Collected data:
───

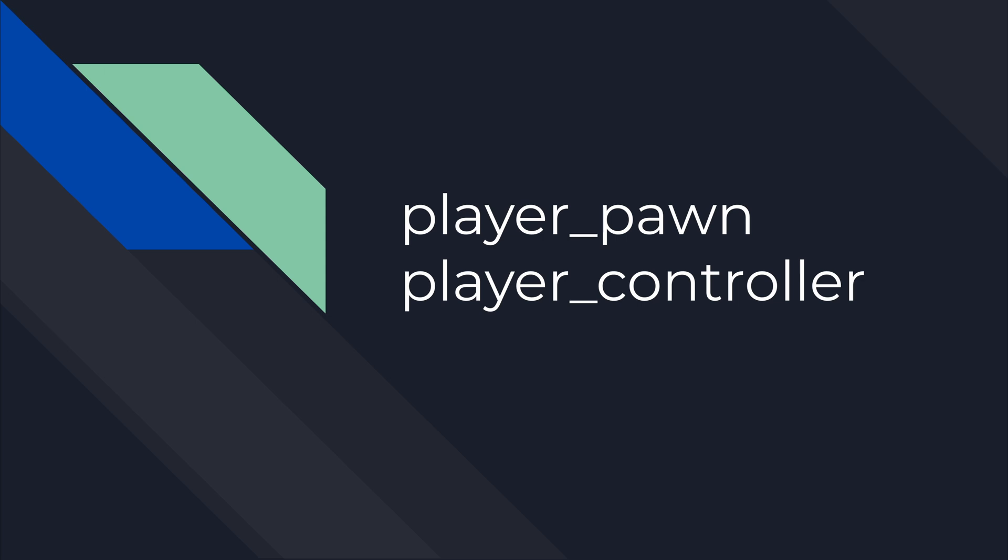In the last video, I showed you how to execute a script inside your own map and I also showed some basic functions. In this video, I'm going to introduce you to concepts like Player Controller and Player Pawn, which will be your foundation on building mods.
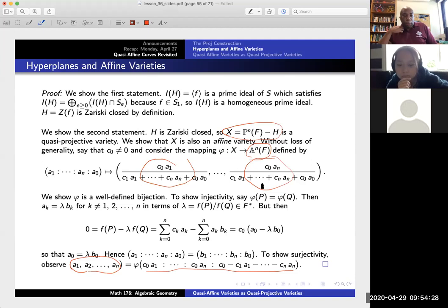On Friday we'll finish this up by talking about how quasi-affine varieties are related to quasi-projective varieties. See you on Friday.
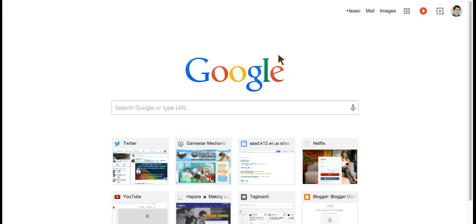I'm going to show you how to use a website called Hapara to interact with your students when they are either on a Chromebook or using the Chrome browser in a lab.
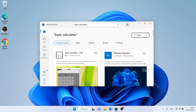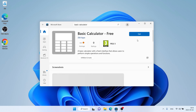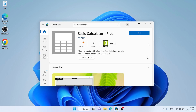As you can see this is Basic Calculator. Open it. Click Get. It's downloading. Downloading finished and installation complete. Click Open.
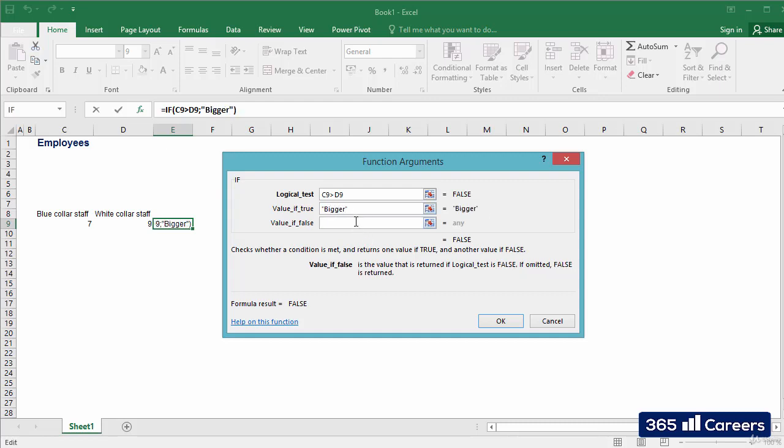Then, as a third argument, I will select the value to be displayed if the result of the logical test is negative. In this case, we will have smaller.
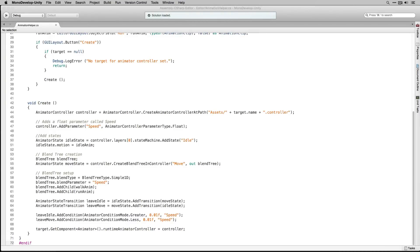Using the animation asset API, it's now possible to script and automate repetitive animation tasks. For more information and full API documentation, please see the information linked below.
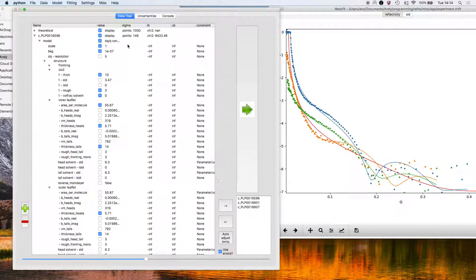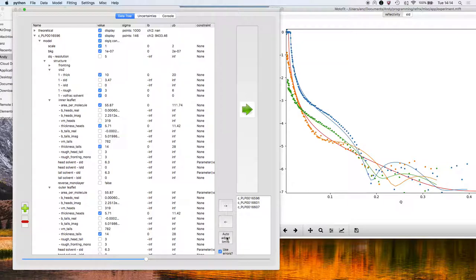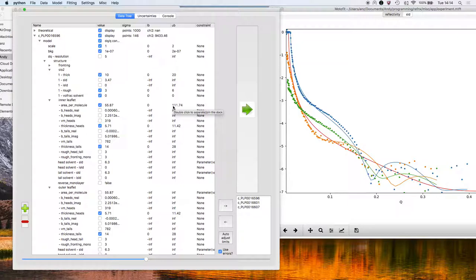The next thing to do now is to have some sensible limits for the fit. So I'm going to click on auto-adjust limits, and it gives some sensible defaults for a limit. I mean, when I say sensible, it chooses zero as the lower limit, the lower bound, and twice the parameter value as the upper bound.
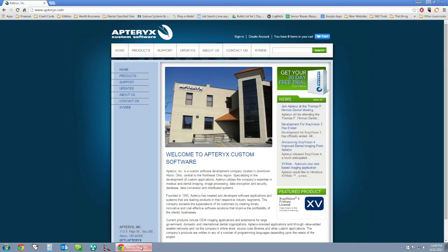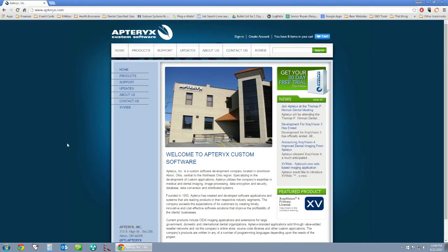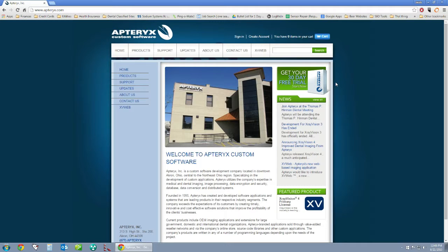From the Apteryx website, just open up a web browser and go to www.apteryx.com — you can see it right up here in the address bar. On the main page, in the top right corner, there is a link to get your 30-day free trial. If you click on this link, it will download the install file to your computer.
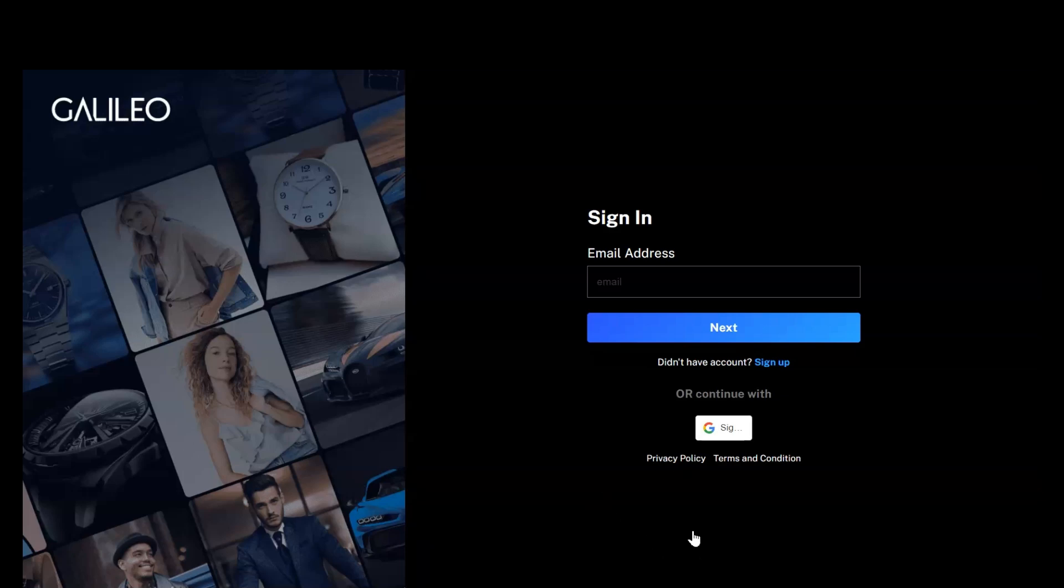Welcome, dear sellers. In this video of Galileo Seller Success Series, we will show you how you can list your items in Galileo Marketplace. To list your items, you need to log in to the seller account.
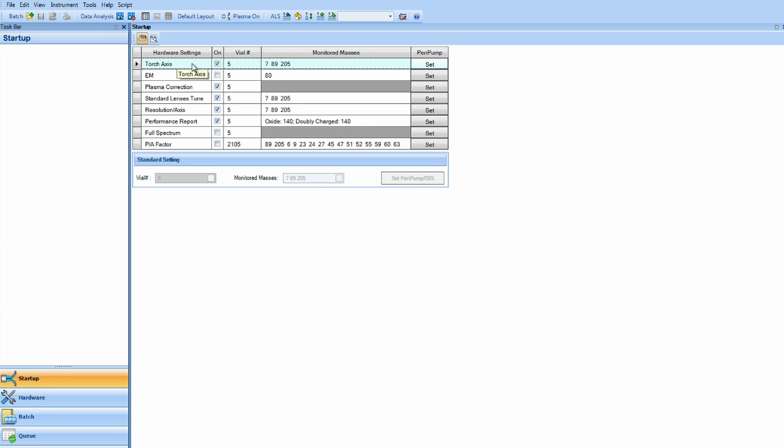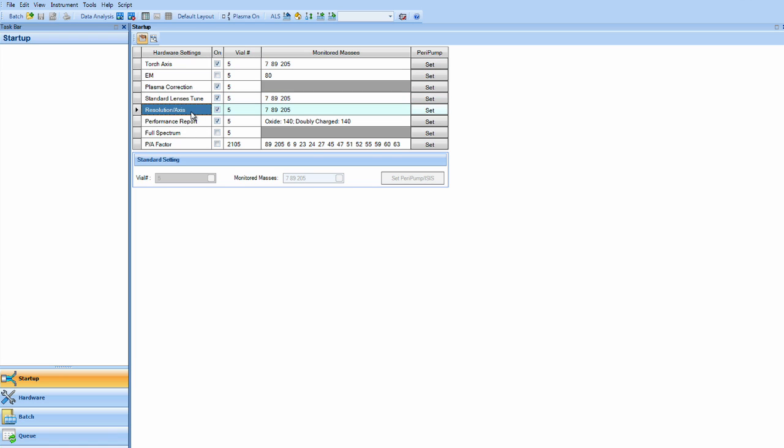Those parameters are the torch axis, which is the horizontal and vertical torch positions, the EM, which is the electron multiplier detector, the plasma correction or HMI correction, the lenses, the resolution axis or peak shape, performance report on the Agilent 8800 factory specs.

───

> [What is being asked]:
With all pictures omitted, repeat every record above word for word.

> [Solution to the problem]:
In the last video, I showed you how to execute a script inside your own map and I also showed some basic functions. In this video, I'm going to introduce you to concepts like Player Controller and Player Pawn, which will be your foundation on building mods.
On Friday we'll finish this up by talking about how quasi-affine varieties are related to quasi-projective varieties. See you on Friday.
I'm going to show you how to use a website called Hapara to interact with your students when they are either on a Chromebook or using the Chrome browser in a lab.
As you can see this is Basic Calculator. Open it. Click Get. It's downloading. Downloading finished and installation complete. Click Open.
Then, as a third argument, I will select the value to be displayed if the result of the logical test is negative. In this case, we will have smaller.
Using the animation asset API, it's now possible to script and automate repetitive animation tasks. For more information and full API documentation, please see the information linked below.
The next thing to do now is to have some sensible limits for the fit. So I'm going to click on auto-adjust limits, and it gives some sensible defaults for a limit. I mean, when I say sensible, it chooses zero as the lower limit, the lower bound, and twice the parameter value as the upper bound.
From the Apteryx website, just open up a web browser and go to www.apteryx.com — you can see it right up here in the address bar. On the main page, in the top right corner, there is a link to get your 30-day free trial. If you click on this link, it will download the install file to your computer.
Welcome, dear sellers. In this video of Galileo Seller Success Series, we will show you how you can list your items in Galileo Marketplace. To list your items, you need to log in to the seller account.
Those parameters are the torch axis, which is the horizontal and vertical torch positions, the EM, which is the electron multiplier detector, the plasma correction or HMI correction, the lenses, the resolution axis or peak shape, performance report on the Agilent 8800 factory specs.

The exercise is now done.